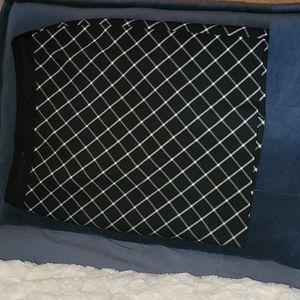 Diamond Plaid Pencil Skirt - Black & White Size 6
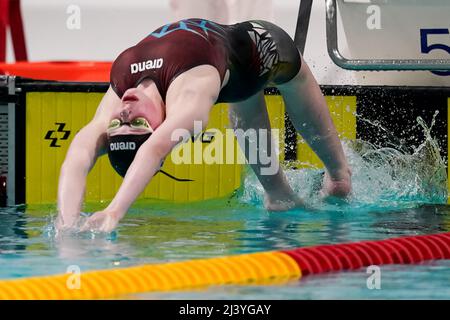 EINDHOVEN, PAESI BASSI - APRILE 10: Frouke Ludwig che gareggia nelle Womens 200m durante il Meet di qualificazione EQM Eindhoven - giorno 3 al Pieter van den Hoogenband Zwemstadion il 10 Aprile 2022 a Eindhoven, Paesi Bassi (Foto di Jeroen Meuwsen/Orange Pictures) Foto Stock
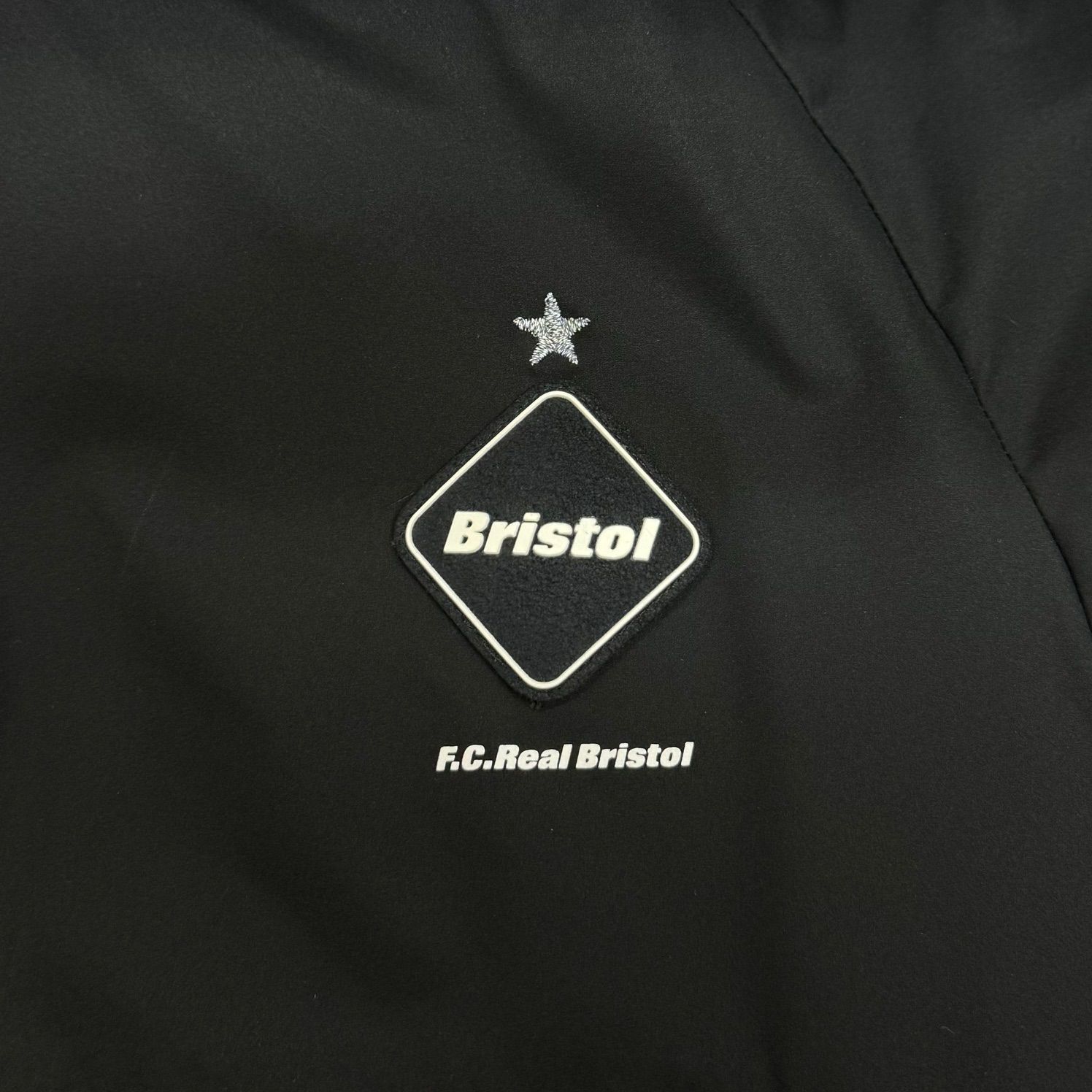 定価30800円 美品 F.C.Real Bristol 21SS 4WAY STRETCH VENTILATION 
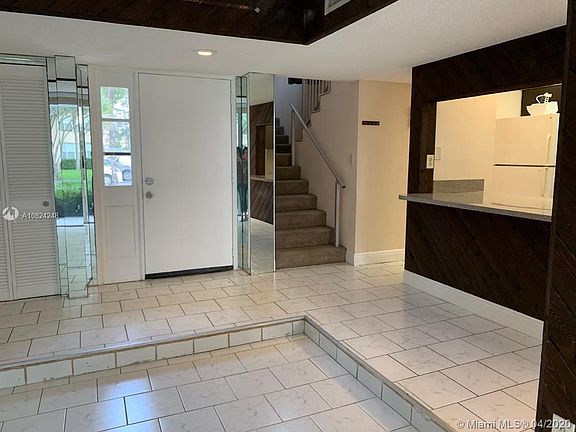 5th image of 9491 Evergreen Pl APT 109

================================

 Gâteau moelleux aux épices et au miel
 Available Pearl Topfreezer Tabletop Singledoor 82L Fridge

================================

■ Task statement ■
Each line above starting at the one holding "Diamond Plaid Pencil" and ending at the one holding "5th image of 9491 Evergreen Pl APT 109" should be set down exactly as it stands, both ends included, with no pictures.

■ Answer for the task ■
 Diamond Plaid Pencil Skirt - Black & White Size 6
 EINDHOVEN, PAESI BASSI - APRILE 10: Frouke Ludwig che gareggia nelle Womens 200m durante il Meet di qualificazione EQM Eindhoven - giorno 3 al Pieter van den Hoogenband Zwemstadion il 10 Aprile 2022 a Eindhoven, Paesi Bassi (Foto di Jeroen Meuwsen/Orange Pictures) Foto Stock
 定価30800円 美品 F.C.Real Bristol 21SS 4WAY STRETCH VENTILATION 
 5th image of 9491 Evergreen Pl APT 109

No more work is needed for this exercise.